Organisé dans le cadre de SALTIS AI Event 2026, le panel, placé sous le thème « Intelligence artificielle, foi et culture : comment préserver notre authenticité à l’ère de l’IA ? », a notamment interrogé la capacité de Tivaouane et des communautés religieuses à préserver leur mémoire et leur patrimoine dans un espace numérique largement façonné par des sources extérieures.
Les échanges ont relevé que l’IA n’est pas culturellement neutre, les modèles étant nourris de données, de langues et de représentations qui ne correspondent pas toujours aux réalités locales. D’où la nécessité, selon les organisateurs, non pas de subir ces technologies, mais de se les approprier tout en conservant la maîtrise de son récit.
Les participants ont également évoqué les risques liés aux contenus générés par l’IA, notamment les fausses attributions doctrinales, les citations erronées, les textes fabriqués et les deepfakes de figures religieuses. Ces dérives peuvent affecter l’intégrité des textes, la mémoire des familles religieuses et la transmission du savoir.

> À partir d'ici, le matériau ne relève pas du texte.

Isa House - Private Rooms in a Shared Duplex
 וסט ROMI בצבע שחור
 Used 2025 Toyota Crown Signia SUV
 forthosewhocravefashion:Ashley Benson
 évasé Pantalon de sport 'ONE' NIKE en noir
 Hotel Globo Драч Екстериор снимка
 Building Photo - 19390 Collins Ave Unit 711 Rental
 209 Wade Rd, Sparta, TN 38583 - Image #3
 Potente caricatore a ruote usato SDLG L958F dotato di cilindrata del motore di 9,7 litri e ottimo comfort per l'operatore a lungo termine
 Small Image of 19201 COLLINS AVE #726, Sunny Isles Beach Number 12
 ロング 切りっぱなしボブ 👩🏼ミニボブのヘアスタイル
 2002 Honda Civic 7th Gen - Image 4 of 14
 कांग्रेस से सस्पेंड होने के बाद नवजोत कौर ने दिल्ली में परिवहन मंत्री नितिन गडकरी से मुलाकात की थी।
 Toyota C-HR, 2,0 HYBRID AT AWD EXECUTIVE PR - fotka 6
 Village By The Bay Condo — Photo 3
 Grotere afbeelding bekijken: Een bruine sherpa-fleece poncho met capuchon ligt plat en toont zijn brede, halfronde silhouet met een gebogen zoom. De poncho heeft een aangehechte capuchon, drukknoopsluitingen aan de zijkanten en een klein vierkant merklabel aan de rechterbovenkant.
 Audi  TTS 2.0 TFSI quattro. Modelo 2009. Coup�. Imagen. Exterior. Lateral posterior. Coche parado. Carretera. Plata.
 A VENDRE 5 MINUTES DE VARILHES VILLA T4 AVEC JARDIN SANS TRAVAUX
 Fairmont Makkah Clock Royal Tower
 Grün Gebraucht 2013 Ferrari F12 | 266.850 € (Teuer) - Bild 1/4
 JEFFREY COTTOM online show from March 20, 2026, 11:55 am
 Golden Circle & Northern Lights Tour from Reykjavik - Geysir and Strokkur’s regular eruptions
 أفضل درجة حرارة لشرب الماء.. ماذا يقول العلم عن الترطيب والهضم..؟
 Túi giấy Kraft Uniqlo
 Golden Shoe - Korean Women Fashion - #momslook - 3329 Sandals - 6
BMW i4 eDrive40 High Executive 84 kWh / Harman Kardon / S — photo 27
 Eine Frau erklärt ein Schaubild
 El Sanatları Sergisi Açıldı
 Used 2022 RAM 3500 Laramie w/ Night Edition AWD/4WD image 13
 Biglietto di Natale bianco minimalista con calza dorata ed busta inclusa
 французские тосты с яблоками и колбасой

Mais l’IA a aussi été présentée comme un outil potentiel de sauvegarde et de valorisation du patrimoine, à travers la numérisation des manuscrits, l’archivage de la tradition orale, la traduction entre l’arabe, le wolof et le français et la création de ressources pédagogiques fiables.
La question des langues, notamment le wolof, le pulaar et l’arabe savant, a également occupé une place importante dans les discussions. Les participants ont insisté sur le fait qu’une langue ne véhicule pas seulement des mots, mais aussi une vision du monde, des valeurs et une mémoire.
La transmission du savoir religieux, fondée notamment sur le sanad et la relation maître-disciple, a été présentée comme un autre enjeu majeur. Si l’IA peut assister, documenter et vulgariser, elle ne saurait se substituer au maître ni à l’autorité du savoir transmis.
La Cezat entend contribuer à une réflexion durable sur la gouvernance des données, l’éthique, la protection de l’image, la lutte contre la désinformation et la souveraineté numérique. Les réflexions pourraient notamment déboucher sur une charte d’usage responsable de l’IA au service de la Tijâniyya.